* WORK INSTRUCTIONS
Go through the entries and transcribe each one exactly, dropping the pictures.
** Opening SOURCE DATA block **
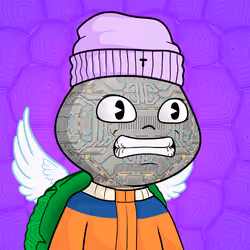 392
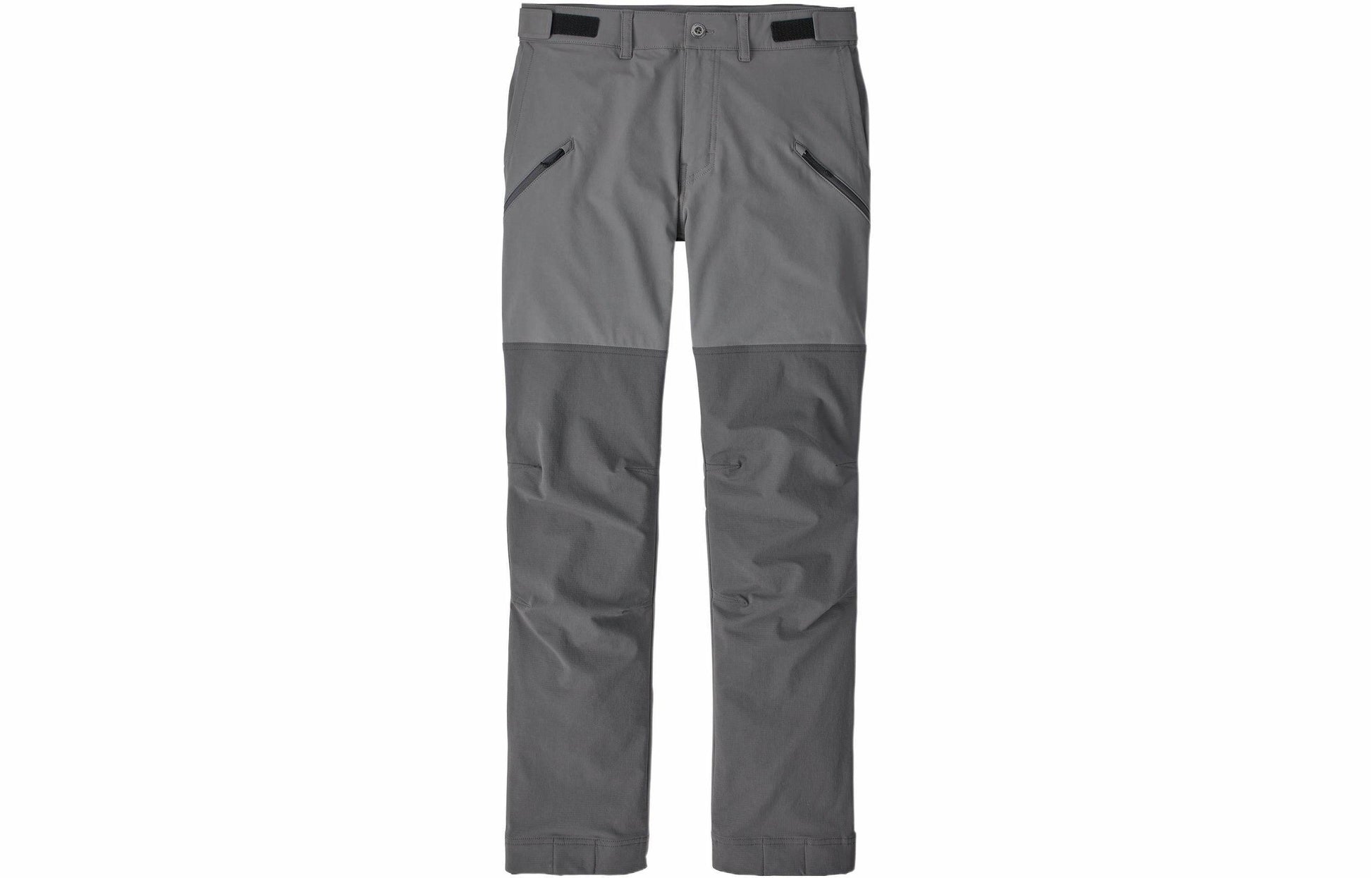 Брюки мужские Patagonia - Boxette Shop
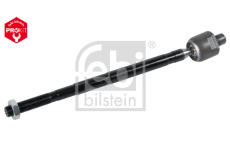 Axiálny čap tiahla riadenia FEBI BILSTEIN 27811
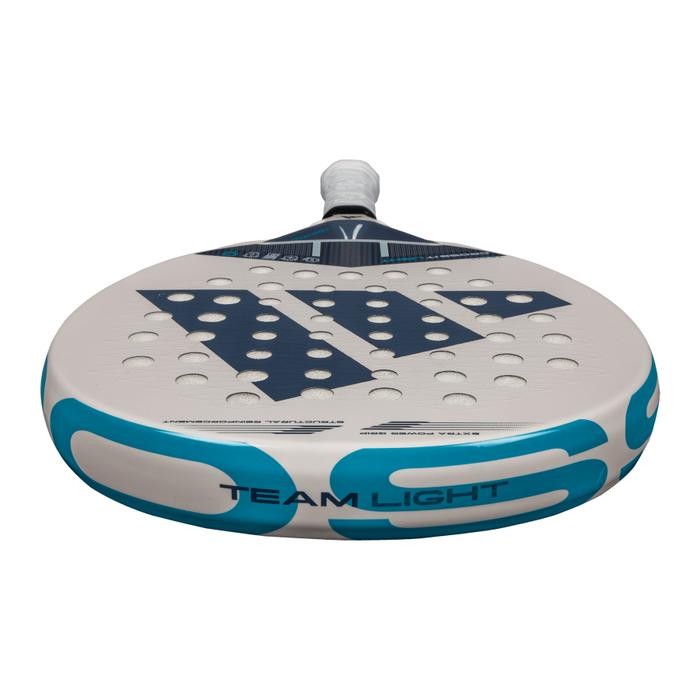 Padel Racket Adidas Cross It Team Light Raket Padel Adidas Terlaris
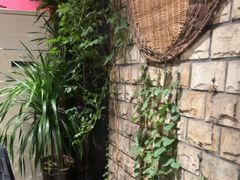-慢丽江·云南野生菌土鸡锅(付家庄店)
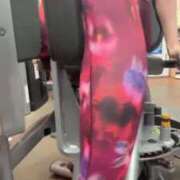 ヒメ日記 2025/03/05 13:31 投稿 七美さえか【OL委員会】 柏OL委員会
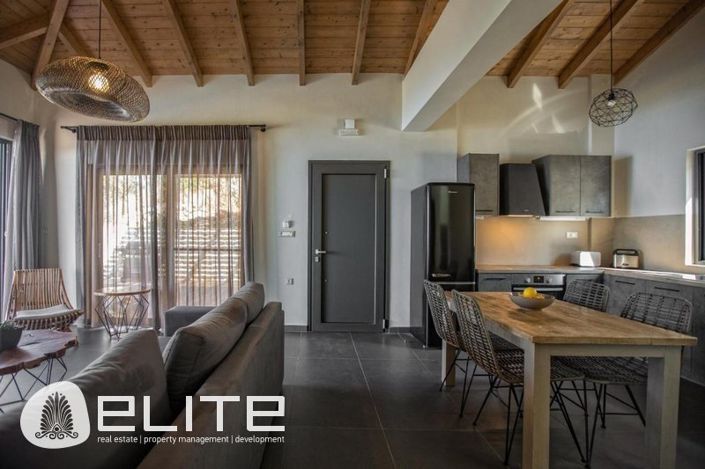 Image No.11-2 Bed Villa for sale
** Closing SOURCE DATA block **
* EXERCISE OUTPUT
 392
 Брюки мужские Patagonia - Boxette Shop
 Axiálny čap tiahla riadenia FEBI BILSTEIN 27811
 Padel Racket Adidas Cross It Team Light Raket Padel Adidas Terlaris
-慢丽江·云南野生菌土鸡锅(付家庄店)
 ヒメ日記 2025/03/05 13:31 投稿 七美さえか【OL委員会】 柏OL委員会
 Image No.11-2 Bed Villa for sale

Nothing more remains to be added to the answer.